Top of Given data

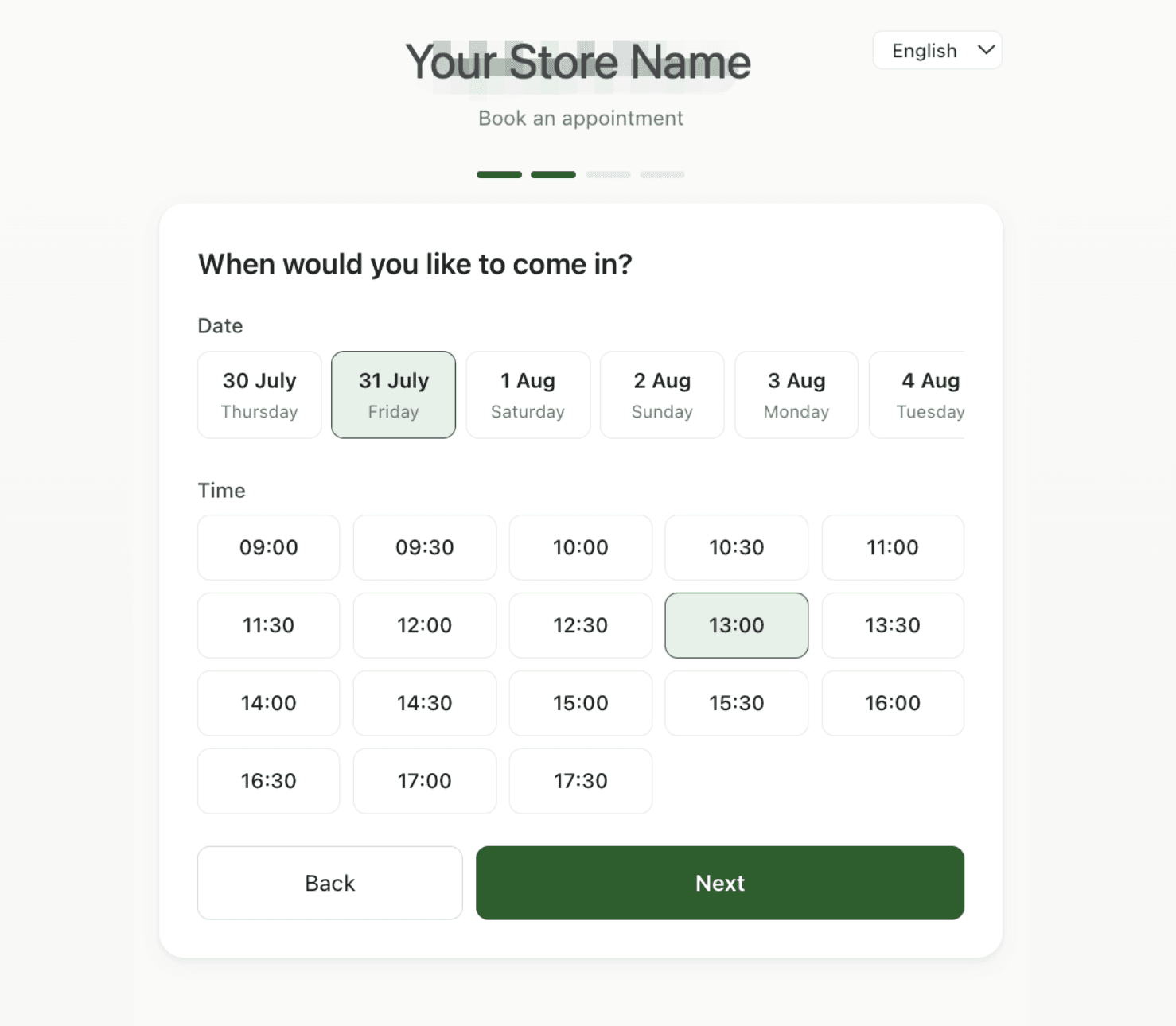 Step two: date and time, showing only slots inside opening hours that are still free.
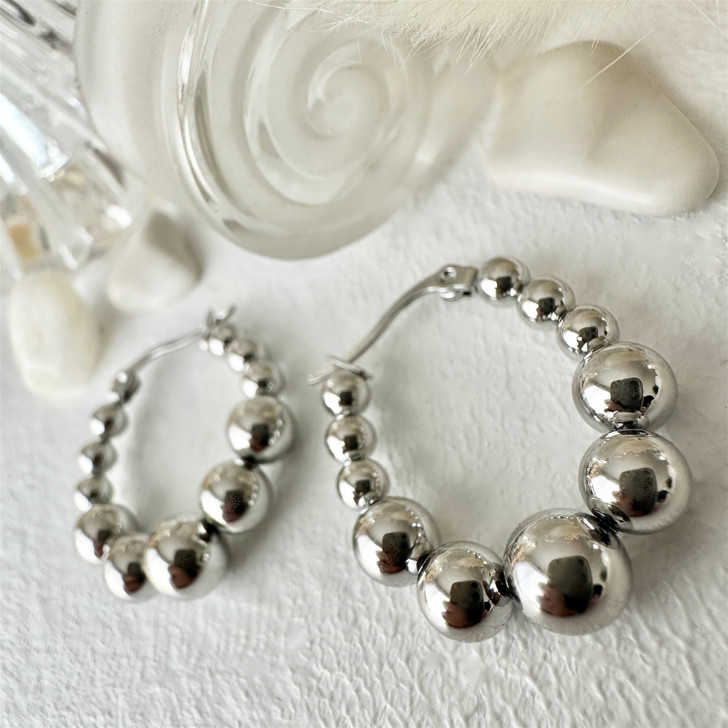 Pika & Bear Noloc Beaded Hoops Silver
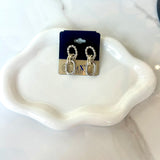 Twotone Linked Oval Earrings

Bottom of Given data
Top of Given data

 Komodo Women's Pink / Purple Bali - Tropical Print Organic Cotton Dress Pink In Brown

Bottom of Given data
Top of Given data

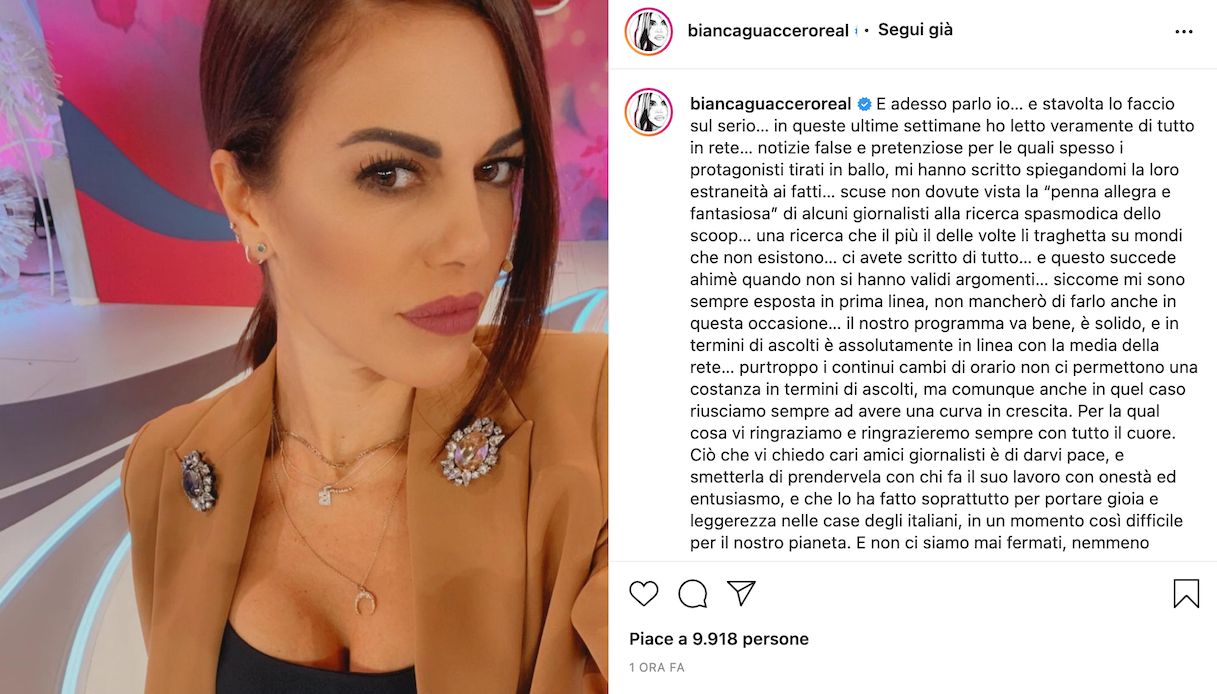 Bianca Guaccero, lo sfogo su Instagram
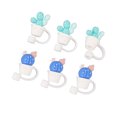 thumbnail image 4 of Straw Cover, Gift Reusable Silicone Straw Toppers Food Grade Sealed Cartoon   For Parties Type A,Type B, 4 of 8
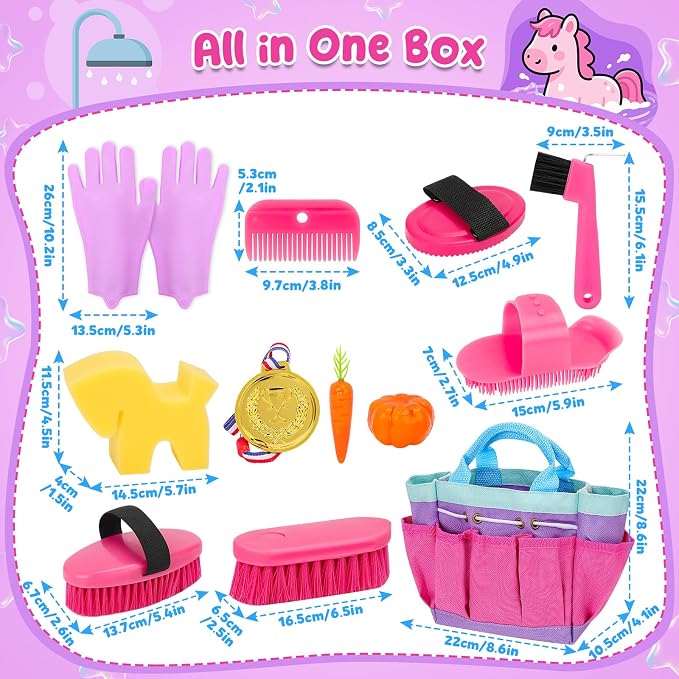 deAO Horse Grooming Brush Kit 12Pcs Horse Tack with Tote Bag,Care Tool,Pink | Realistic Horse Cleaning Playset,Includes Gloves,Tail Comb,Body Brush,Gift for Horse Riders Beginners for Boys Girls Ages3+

Bottom of Given data

— What to produce —
From the records above, copy only the lines running from the line containing "Bianca Guaccero, lo sfogo su Instagram" to the line containing "deAO Horse Grooming", both ends included. Leave the pictures out.

— Task output —
 Bianca Guaccero, lo sfogo su Instagram
 thumbnail image 4 of Straw Cover, Gift Reusable Silicone Straw Toppers Food Grade Sealed Cartoon   For Parties Type A,Type B, 4 of 8
 deAO Horse Grooming Brush Kit 12Pcs Horse Tack with Tote Bag,Care Tool,Pink | Realistic Horse Cleaning Playset,Includes Gloves,Tail Comb,Body Brush,Gift for Horse Riders Beginners for Boys Girls Ages3+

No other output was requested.